> Aim of the exercise
The line containing "If you'd like" marks the start of the required copy, which runs to the final line of the entries; return those lines exactly, without any pictures.

> Available data
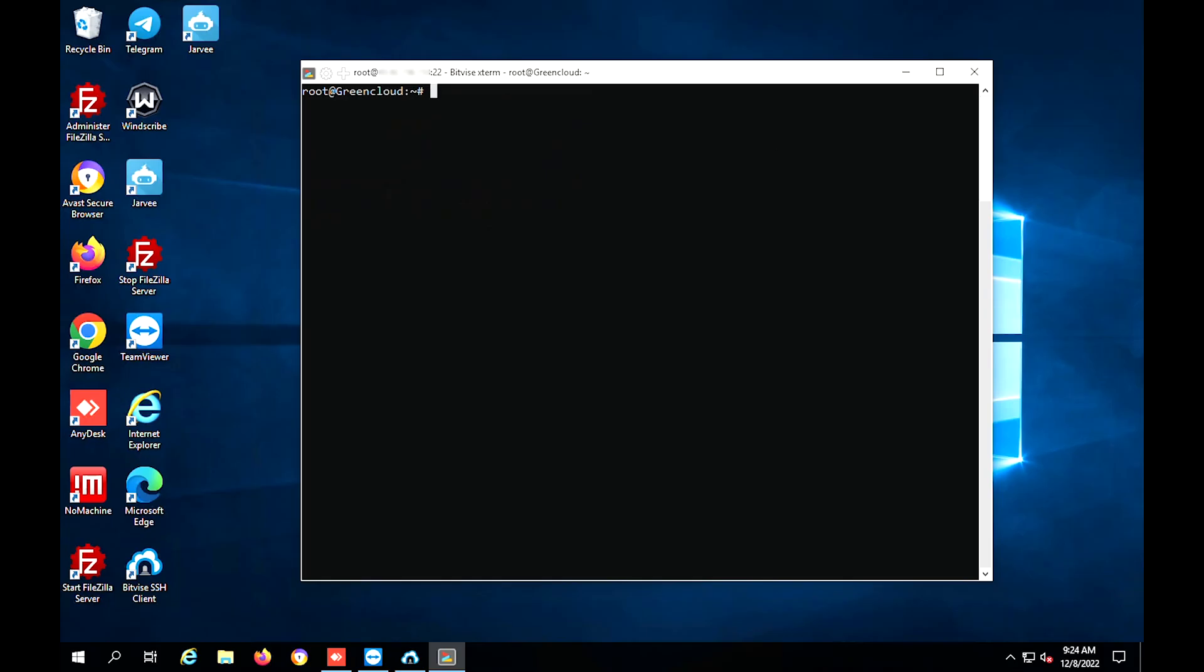Before changing the port, please make sure that the applications and services installed on the server can be configured without a default port. Otherwise, changing the default port may cause these applications and services to stop working.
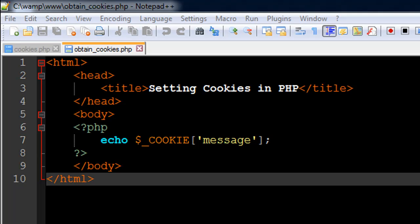Hello guys, welcome to my channel. This is the 48th tutorial in this course. In this tutorial, we are going to check out how we can obtain cookie values. Just as values passed through the query string are stored in the GET super global, and values obtained through forms are stored in the POST super global, the values we get through cookies are stored in the COOKIE super global.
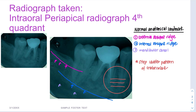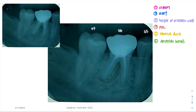Next, we move on to the tooth of interest. There are three teeth to present here: 45, 46, and 47. My tooth of interest is 46.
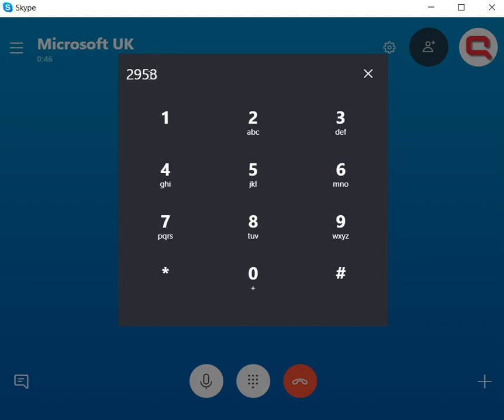Welcome to Microsoft Product Activation. To activate Windows, press 1. To activate Office for Mac, press 2.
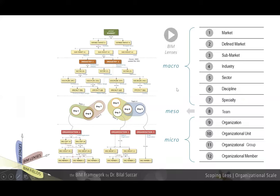If you'd like to review BIM lenses, organization scales is explained as part of the BIM lenses video.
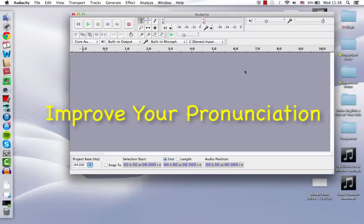Hey guys, what's going on? I just wanted to show you a quick exercise that's going to help you improve your pronunciation in English or any other language that you're learning.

> Solution to this task
If you'd like to review BIM lenses, organization scales is explained as part of the BIM lenses video.
Hey guys, what's going on? I just wanted to show you a quick exercise that's going to help you improve your pronunciation in English or any other language that you're learning.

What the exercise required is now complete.